[Short text fragments from websites]
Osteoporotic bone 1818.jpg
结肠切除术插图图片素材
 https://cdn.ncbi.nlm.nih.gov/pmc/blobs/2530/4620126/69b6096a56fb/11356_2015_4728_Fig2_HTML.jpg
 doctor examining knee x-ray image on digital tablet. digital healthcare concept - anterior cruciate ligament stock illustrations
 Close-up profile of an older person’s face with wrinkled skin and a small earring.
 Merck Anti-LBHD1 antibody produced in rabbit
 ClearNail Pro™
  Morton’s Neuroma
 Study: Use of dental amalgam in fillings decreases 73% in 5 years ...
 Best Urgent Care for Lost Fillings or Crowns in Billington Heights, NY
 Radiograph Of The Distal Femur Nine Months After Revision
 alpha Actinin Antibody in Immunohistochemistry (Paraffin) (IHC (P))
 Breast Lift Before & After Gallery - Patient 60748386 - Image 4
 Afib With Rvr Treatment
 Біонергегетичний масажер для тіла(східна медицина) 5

THE PROBLEM:
Reproduce all entries exactly, leaving each one whole.

ANSWER TO THIS PROBLEM:
Osteoporotic bone 1818.jpg
结肠切除术插图图片素材
 https://cdn.ncbi.nlm.nih.gov/pmc/blobs/2530/4620126/69b6096a56fb/11356_2015_4728_Fig2_HTML.jpg
 doctor examining knee x-ray image on digital tablet. digital healthcare concept - anterior cruciate ligament stock illustrations
 Close-up profile of an older person’s face with wrinkled skin and a small earring.
 Merck Anti-LBHD1 antibody produced in rabbit
 ClearNail Pro™
  Morton’s Neuroma
 Study: Use of dental amalgam in fillings decreases 73% in 5 years ...
 Best Urgent Care for Lost Fillings or Crowns in Billington Heights, NY
 Radiograph Of The Distal Femur Nine Months After Revision
 alpha Actinin Antibody in Immunohistochemistry (Paraffin) (IHC (P))
 Breast Lift Before & After Gallery - Patient 60748386 - Image 4
 Afib With Rvr Treatment
 Біонергегетичний масажер для тіла(східна медицина) 5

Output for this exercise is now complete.